A well-designed orchestration dashboard answers three questions at a glance: What is running right now? What failed recently and why? How much is this costing?
Dashboard API with FastAPI
The backend API provides endpoints for the dashboard frontend to consume. Start with the data models and core endpoints.
from fastapi import FastAPI, Query
from pydantic import BaseModel
from datetime import datetime, timedelta
from typing import Optional
app = FastAPI(title="Agent Orchestration Dashboard API")
class WorkflowSummary(BaseModel):
id: str
name: str
status: str
started_at: datetime
duration_seconds: float | None
step_count: int
current_step: str | None
error: str | None
total_tokens: int
cost_usd: float
class DashboardOverview(BaseModel):
active_workflows: int
completed_today: int
failed_today: int
success_rate: float
total_cost_today_usd: float
total_tokens_today: int
avg_duration_seconds: float
@app.get("/api/dashboard/overview")
async def get_overview(
hours: int = Query(default=24, ge=1, le=168),
) -> DashboardOverview:
"""Get high-level dashboard statistics."""
since = datetime.utcnow() - timedelta(hours=hours)
active = await workflow_store.count(status="running")

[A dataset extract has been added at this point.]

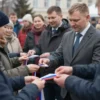 A group of people, likely officials from Smolensk UFSIN, are handing out small Russian tricolor ribbons to citizens. The scene takes place outdoors, possibly in a public square or during an event. Focus on the interaction between the officials and the people receiving the ribbons. The atmosphere should be positive and celebratory.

completed = await workflow_store.count(
status="completed", since=since
)
failed = await workflow_store.count(
status="failed", since=since
)
total = completed + failed
success_rate = completed / total if total > 0 else 1.0
cost_data = await metrics_store.sum_cost(since=since)
token_data = await metrics_store.sum_tokens(since=since)
avg_duration = await metrics_store.avg_duration(since=since)
return DashboardOverview(
active_workflows=active,
completed_today=completed,
failed_today=failed,
success_rate=round(success_rate, 4),
total_cost_today_usd=round(cost_data, 2),
total_tokens_today=token_data,
avg_duration_seconds=round(avg_duration, 2),
)
Workflow List and Filtering
class WorkflowFilter(BaseModel):
status: Optional[str] = None
name: Optional[str] = None
since: Optional[datetime] = None
until: Optional[datetime] = None
min_cost_usd: Optional[float] = None
has_errors: Optional[bool] = None
@app.get("/api/dashboard/workflows")
async def list_workflows(
status: Optional[str] = None,
name: Optional[str] = None,
hours: int = Query(default=24, ge=1, le=168),
limit: int = Query(default=50, ge=1, le=200),
offset: int = Query(default=0, ge=0),
) -> dict:
"""List workflows with filtering and pagination."""
since = datetime.utcnow() - timedelta(hours=hours)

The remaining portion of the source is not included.